## Task to complete
Each line below must be reproduced exactly as it stands. Pictures stay out of the copy.

## Data segment
····················
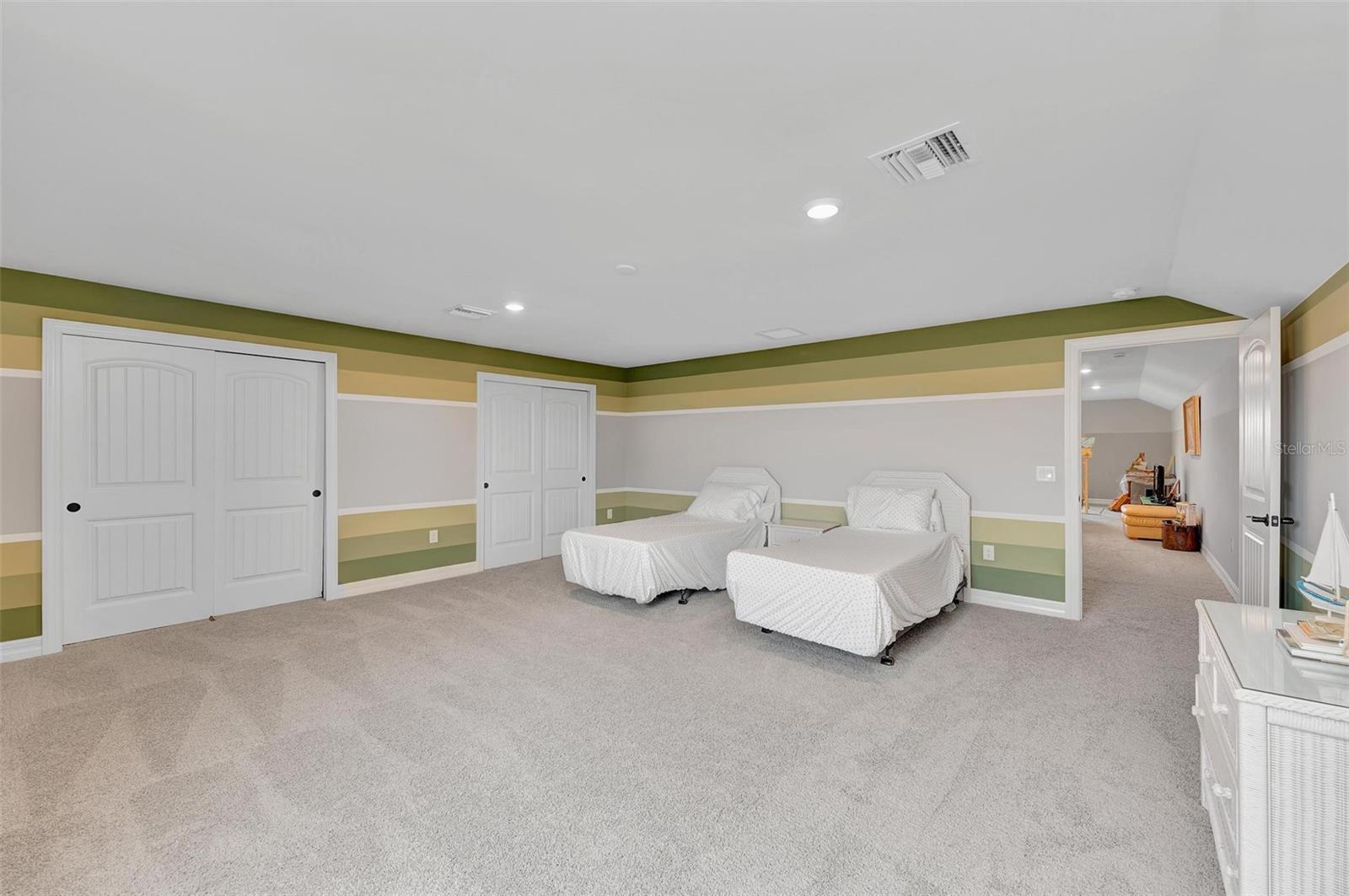 ISLANDWALK AT THE WEST VILLAGES - Residential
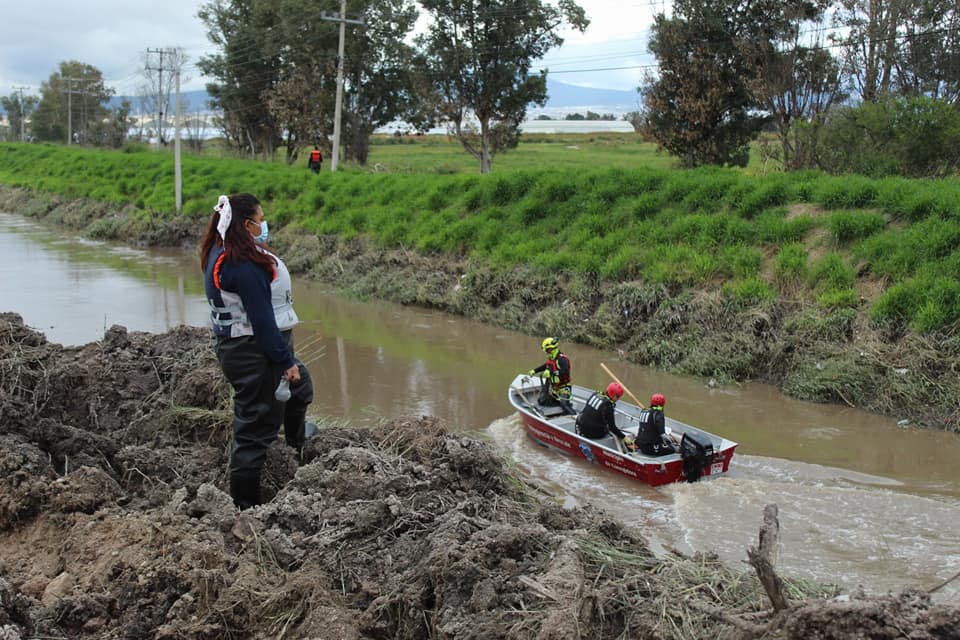 Sigue búsqueda de mujer desaparecida que se la llevó el agua, servicios de emergencia de Corregidora buscan cuerpo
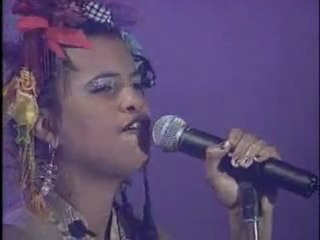 Neneh Cherry ♥ Manchild ♥ Festival Cannes 97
····················
## Solution below
 ISLANDWALK AT THE WEST VILLAGES - Residential
 Sigue búsqueda de mujer desaparecida que se la llevó el agua, servicios de emergencia de Corregidora buscan cuerpo
 Neneh Cherry ♥ Manchild ♥ Festival Cannes 97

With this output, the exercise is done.